# going to the floor



## chris_&#3617;&#3623;&#3618;&#3652;&#3607;&#3618; (Oct 30, 2006)

hi , i dont know much about floor fighting techniques (so go easy on me!) and i only know a few throws and how to avoid throws and takedowns (a little experiance in jujitsu) , im a stand up fighter , this is why im asking this question:

in the ufc and other MMA tournaments ive seen all the fighters that go down to the floor put their legs around the others waist and guard their face (i cant remember the name of the position) , is this worth doing in a real fight? why is the reason they out their legs round their waist? 

 i ask this because where i live fights at some point are inevitible , ive been in a couple and ive done well to defend myself but ive heard  "if a fight lasts more than 4 minutes its goin to the ground" , i dont believe this is always the case but i just wondered if this position is worth doing to defend myself if i do go down - that is until i get back up:xtrmshock 

so if my questions seem to be a bit lame then please just ignore!


thanks for any help given

chris


----------



## bushidomartialarts (Oct 30, 2006)

hi chris...

one on one, that position works pretty well.  unless you're on a dangerous surface.

if your attacker has a buddy standing by, it won't go so well for you.

if you're a stand-up fighter, be good at standing up.  if you go down, train to get back up quickly so you can fight from your strength.  a little cross-training is fine, but unless you plan to actually study groundfighting, don't go fighting somebody else's fight.


----------



## Andrew Green (Oct 30, 2006)

"Legs around the waiste" is called the "Guard" position.  It is largely defensive, but a few turn it into an offensive position.  Royce made it famous in his days tapping many people out from there.

The reason is, you want to control their hips and keep there head down, which limits there striking power.  You can attack with submissions, try to flip the other person onto their back, or look to standup (Liddell is one to watch on that)

It's the lesser of evils, if you are on your back it's about the safest place you can be, apart from getting off your back.  Which is not always an option.
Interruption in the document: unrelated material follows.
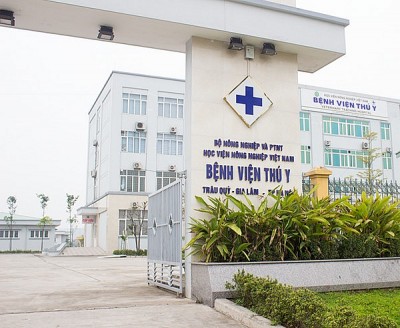 Những quy định quan trọng về bằng cấp và chứng chỉ trong nghề thú y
As a Muay Thai fighter your goal should obviously be to get back to your feet   If my memory permits I will grab someone and post some pictures of a method of getting back up from there.


----------



## Tez3 (Oct 30, 2006)

It is a good position to fight from but only if you know what you are going to do, it can be an attacking position and you can turn the person over. In some situations especially if you are smaller you can wrap your legs tight round them and with both hands pull their head down. It's not ideal as you are both unable to do anything but may give you a breather. If you know techniques there are a couple of chokes and arm bars plus a leg bar bar you can do from underneath.
 Chris if you fancy doing some MMA I can recommend somewhere for you to try it out?


----------



## Loaded Luke (Oct 30, 2006)

chris_?????? said:


> hi , i dont know much about floor fighting techniques (so go easy on me!) and i only know a few throws and how to avoid throws and takedowns (a little experiance in jujitsu) , im a stand up fighter , this is why im asking this question:
> 
> in the ufc and other MMA tournaments ive seen all the fighters that go down to the floor put their legs around the others waist and guard their face (i cant remember the name of the position) , is this worth doing in a real fight? why is the reason they out their legs round their waist?
> 
> ...



Dont bother going into guard if you dont know what youre doing.


----------



## DavidCC (Oct 30, 2006)

Loaded Luke said:


> Dont bother going into guard if you dont know what youre doing.


 
yes, don't bother, just let him climb up your body and sit on your face.  Only experts should try to use their legs


----------



## chris_&#3617;&#3623;&#3618;&#3652;&#3607;&#3618; (Oct 31, 2006)

hi guys thanks for all the replies , can anyone explain how to stand up from this position , any pictures?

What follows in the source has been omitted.